Technical information
- Licensing authority: FCC
- Facility ID: 51664
- Class: C
- ERP: 95,500 watts; 100,000 watts (maximum);
- HAAT: 550 meters (1,800 ft)

Links
- Public license information: Public file; LMS;
- Webcast: Listen live
- Website: www.rock108.com

= KFMW =

KFMW (107.9 FM), known as "Rock 108", is a radio station licensed to Waterloo, Iowa, United States, with studios in Hiawatha, Iowa. The station has an active rock format. Its signal is transmitted from the AFLAC Tower north of Rowley, Iowa.

==History==
On June 30, 1966, the Federal Communications Commission approved an application from Black Hawk Broadcasting Company, owner of Waterloo AM radio station KWWL and TV station KWWL-TV, to build a new FM radio station on 107.9 MHz. The station would be transmitted from a 2000 ft tower Black Hawk was planning to build for KWWL-TV. The tower, near Rowley, received Federal Aviation Administration approval in 1967,

KWWL-FM went on the air in November 1968 and changed call signs to KFMW on November 20, 1972. Black Hawk Broadcasting merged into American Family Broadcasting, the broadcast division of insurer American Family Corporation (today better known as Aflac), in a deal announced in 1979 and completed in 1980. In the deal, Black Hawk spun off all of its other broadcast stations except KWWL-TV and KTIV in Sioux City to meet FCC ownership limits. KWWL-AM and KFMW-FM were sold to the Wisconsin-based Forward Communications Corporation for $3,477,500. Operations of the two stations as KWWL-AM was officially renamed KWLO-AM, both KWLO and KFMW were moved out of the KWWL-TV building on Fourth Street to a former post office annex on Jefferson Street in downtown Waterloo.
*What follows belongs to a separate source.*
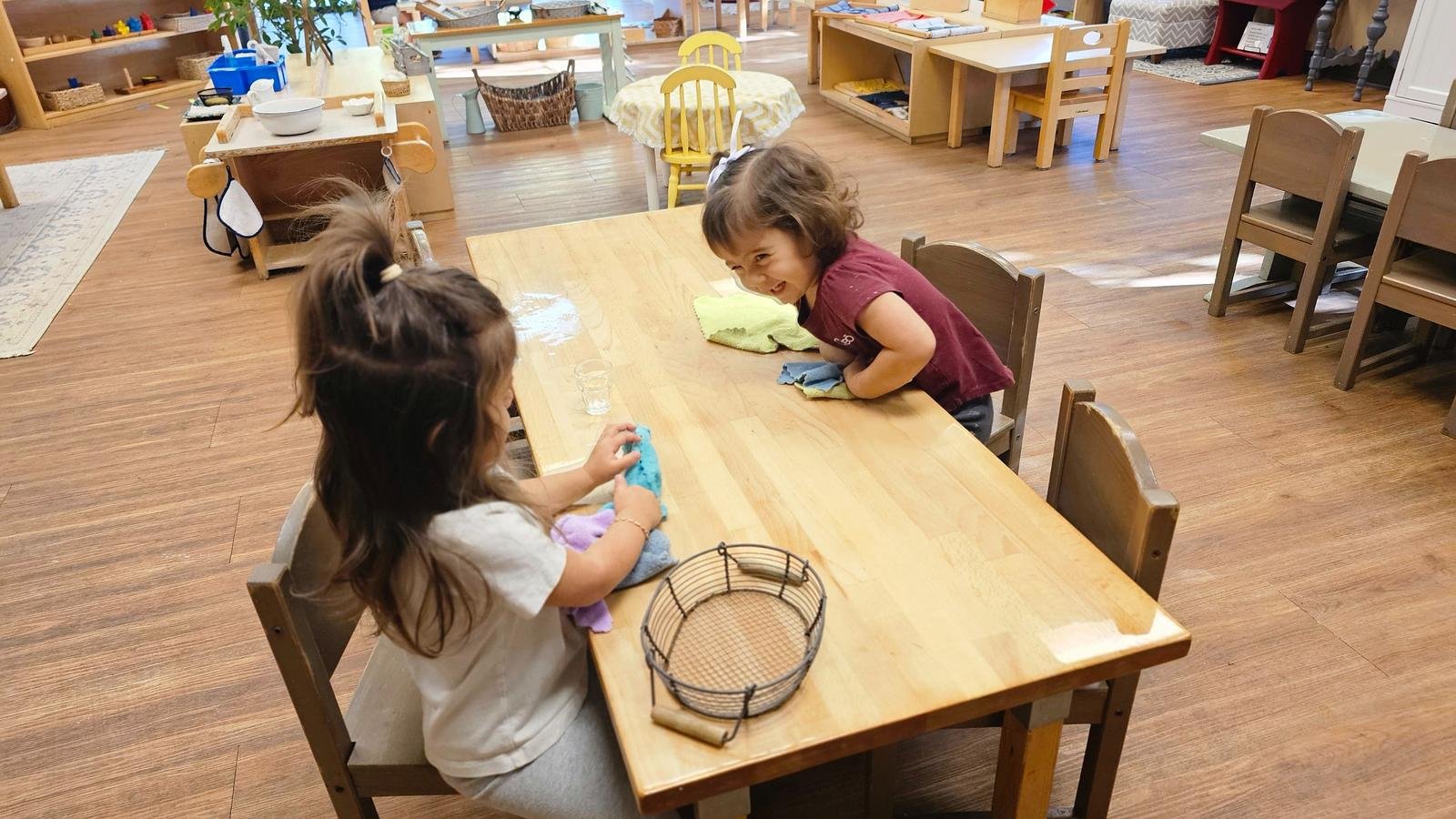 Alana and Zara folding laundry.jpg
Since its inception, KFMW had aired a Beautiful Music format, but after ratings steeply declined in the late 1970s and early 1980s, Forward flipped the station to a Top 40/CHR format on November 1, 1982. On November 27, 1983, the KWWL–KFMW tower was felled in an ice storm.

Forward Communications was sold in late 1984 to Wesray Capital Corporation, which retained the Forward name for its media holdings. As early as 1985, Wesray indicated its intention to sell all of Forward's radio stations. KWLO and KFMW were sold to Park Communications in 1986 at a time when Forward was selling most of its broadcasting properties. In 1992, the station shifted from contemporary hit radio to album-oriented rock.

In 1994, Park Communications sold itself to Donald R. Tomlin and Gary B. Knapp in a deal backed by the Retirement Systems of Alabama pension fund. The new owners decided the next year to sell all of the company's radio holdings. Bahakel Communications, owner of KXEL and KOKZ radio stations in Waterloo, bought KWLO and KFMW from Park in 1996.

Previous logo

The Bahakel cluster was sold to Woodward Communications of Dubuque, in 2012, and to NRG Radio in 2014.